▶

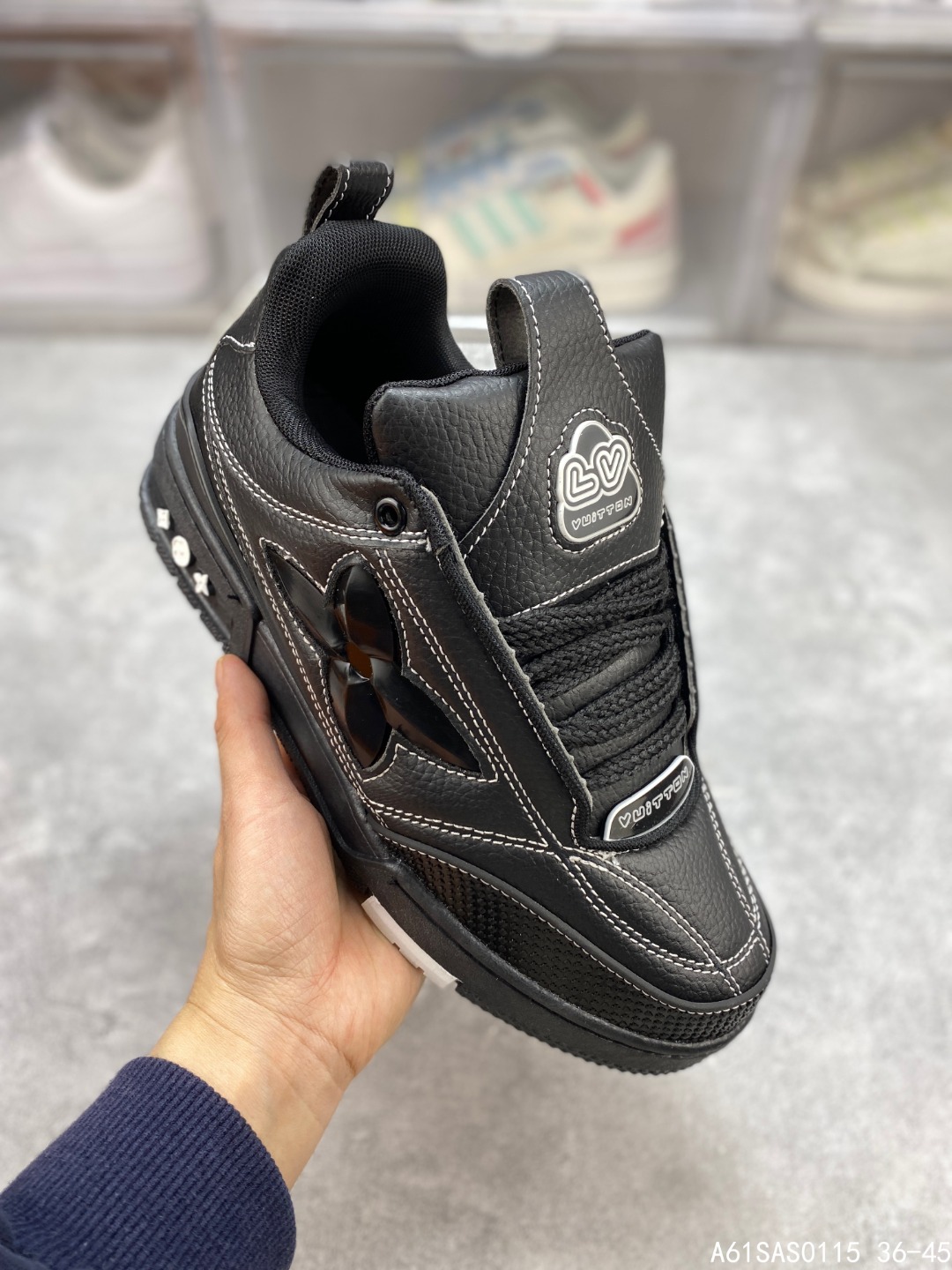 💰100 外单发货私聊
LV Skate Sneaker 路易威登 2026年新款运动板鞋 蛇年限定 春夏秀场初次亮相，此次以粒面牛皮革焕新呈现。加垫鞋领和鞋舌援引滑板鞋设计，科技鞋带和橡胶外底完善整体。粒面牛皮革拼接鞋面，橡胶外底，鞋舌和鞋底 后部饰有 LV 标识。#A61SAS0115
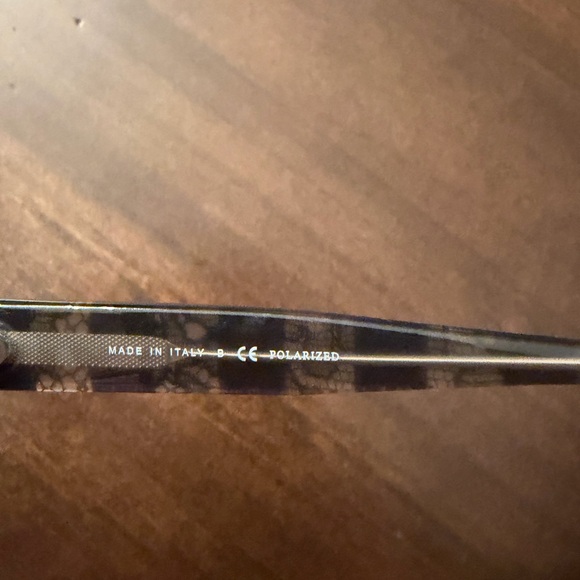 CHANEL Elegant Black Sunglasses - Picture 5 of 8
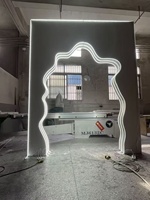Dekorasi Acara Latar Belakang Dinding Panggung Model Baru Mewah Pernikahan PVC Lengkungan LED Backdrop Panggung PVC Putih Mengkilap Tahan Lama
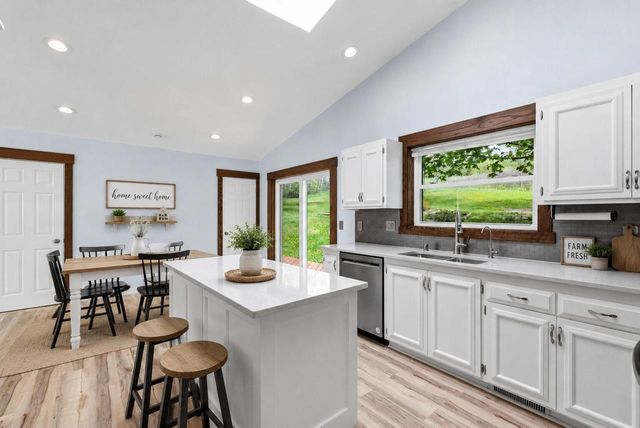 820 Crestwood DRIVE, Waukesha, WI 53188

◀

• Description of the task: I'd like the material duplicated exactly, without its pictures.

• Task solution:
 💰100 外单发货私聊
LV Skate Sneaker 路易威登 2026年新款运动板鞋 蛇年限定 春夏秀场初次亮相，此次以粒面牛皮革焕新呈现。加垫鞋领和鞋舌援引滑板鞋设计，科技鞋带和橡胶外底完善整体。粒面牛皮革拼接鞋面，橡胶外底，鞋舌和鞋底 后部饰有 LV 标识。#A61SAS0115
 CHANEL Elegant Black Sunglasses - Picture 5 of 8
Dekorasi Acara Latar Belakang Dinding Panggung Model Baru Mewah Pernikahan PVC Lengkungan LED Backdrop Panggung PVC Putih Mengkilap Tahan Lama
 820 Crestwood DRIVE, Waukesha, WI 53188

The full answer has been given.